An entire section of the bill that CMA fought particularly hard to keep was related to the use of electronic health records. The bill includes provisions that will ease physicians' reporting burdens, including one that excludes providers who furnish most of their Medicare services at ambulatory surgical centers from penalties under the EHR meaningful use program and the new Medicare MACRA Quality Payment Program. Additionally, the bill allows physicians to delegate certain EHR documentation requirements to non-physician staff.

Another key element of the EHR section is a focus on EHR interoperability. HHS will receive $15 million in funding to help push interoperability and fight information blocking by EHR vendors. For the first time, the Office of the Inspector General (OIG) can penalize vendors for not having interoperable systems. CMA aggressively advocated for more EHR vendor accountability and enforcement. In the past, physicians were penalized by the meaningful use program for problems caused by vendors. Now, EHR vendors will have to be more responsible and accountable to ensure that systems are working and interoperable.

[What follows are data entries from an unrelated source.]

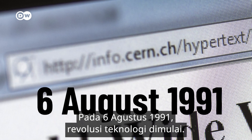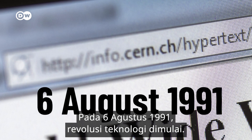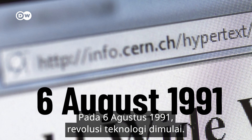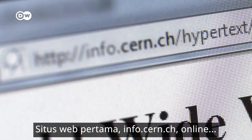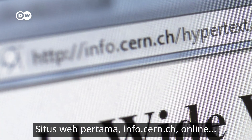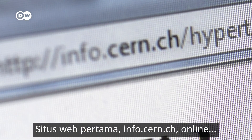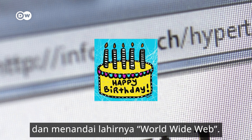On August the 6th, 1991, the technological revolution began. The very first website, info.cern.ch, went online and marked the birth of the World Wide Web.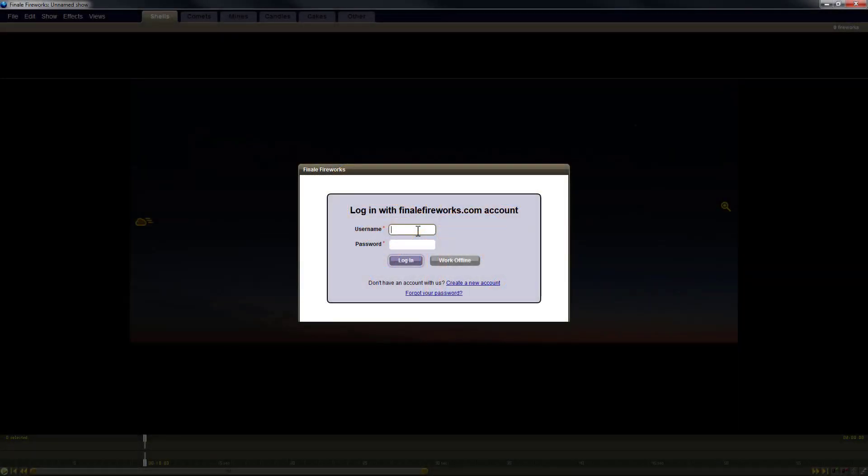Hi, it's Drew with Finale. In this video, I'm going to show you how to create a Noah's Ark HBS file to migrate your effects from Finale Business to Finale 3D.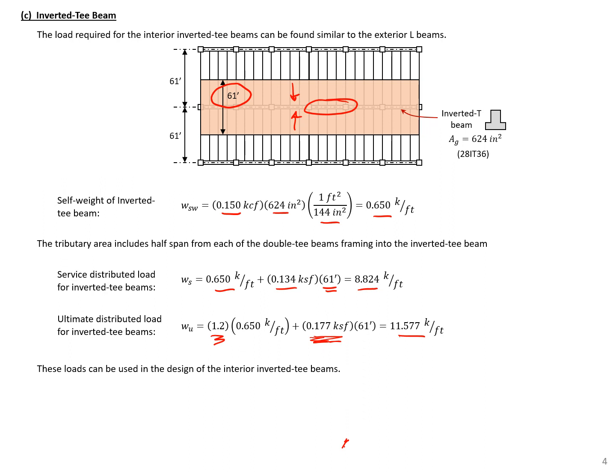That concludes this example. We can use these loads to design the different elements.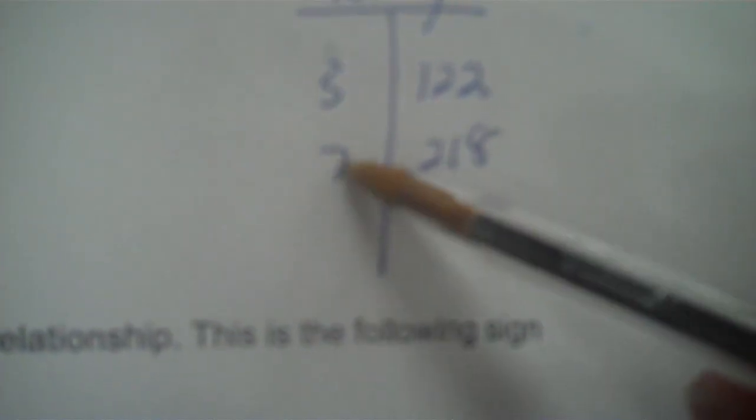Now to find how much one month would cost, that means how much would we go up every time there's a month. And that's y minus y, x minus x.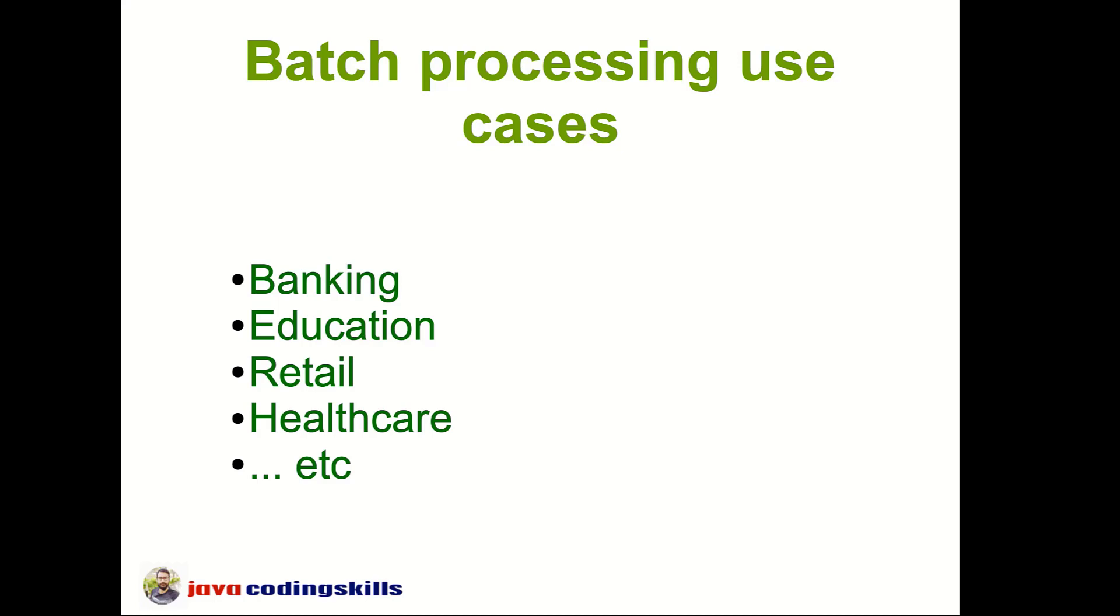So in this video we learned about batch processing. In the next video we will learn how this batch processing really works.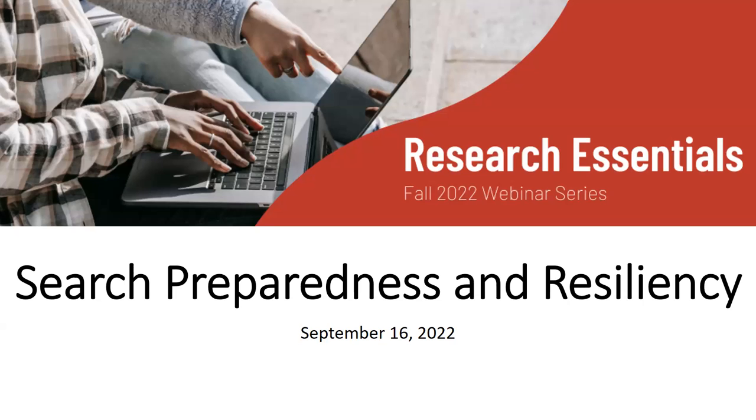Hello everyone and welcome to our second session in this fall's library webinar series. Today we are looking at search preparedness and resiliency.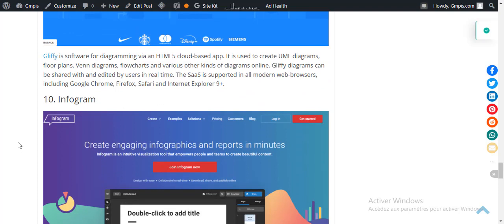For more software and mobile apps reviews, go to our website gmpis.com — the link is below in the description. Thank you for watching.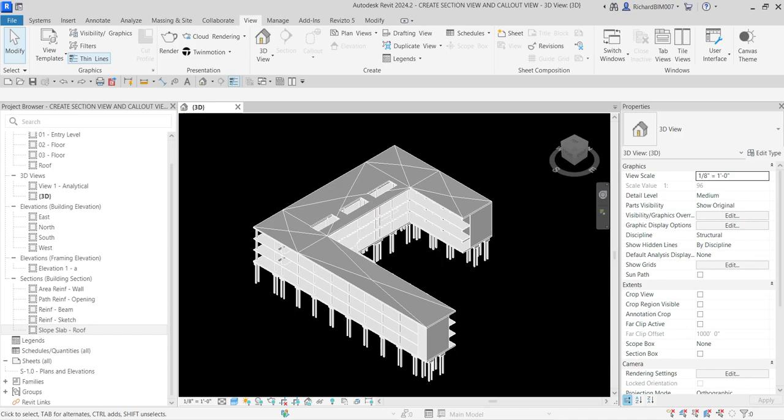What's up guys, Learning with Rich here. In this video let's continue our discussion about Revit structural design 2024 version. This time we're going to learn how to create a section view and a callout view.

The bill also calls for the establishment of a national directory of health professionals so that physicians can easily contact each other.

Finally, the bill provides $500 million to the Food and Drug Administration (FDA) to speed up the development and approval of new drugs and medical devices by putting less emphasis on randomized clinical trials in FDA reviews of new indications for a drug already on the market. Instead, the bill encourages the FDA to use "real-world evidence," such as data from observational trials and insurance claims.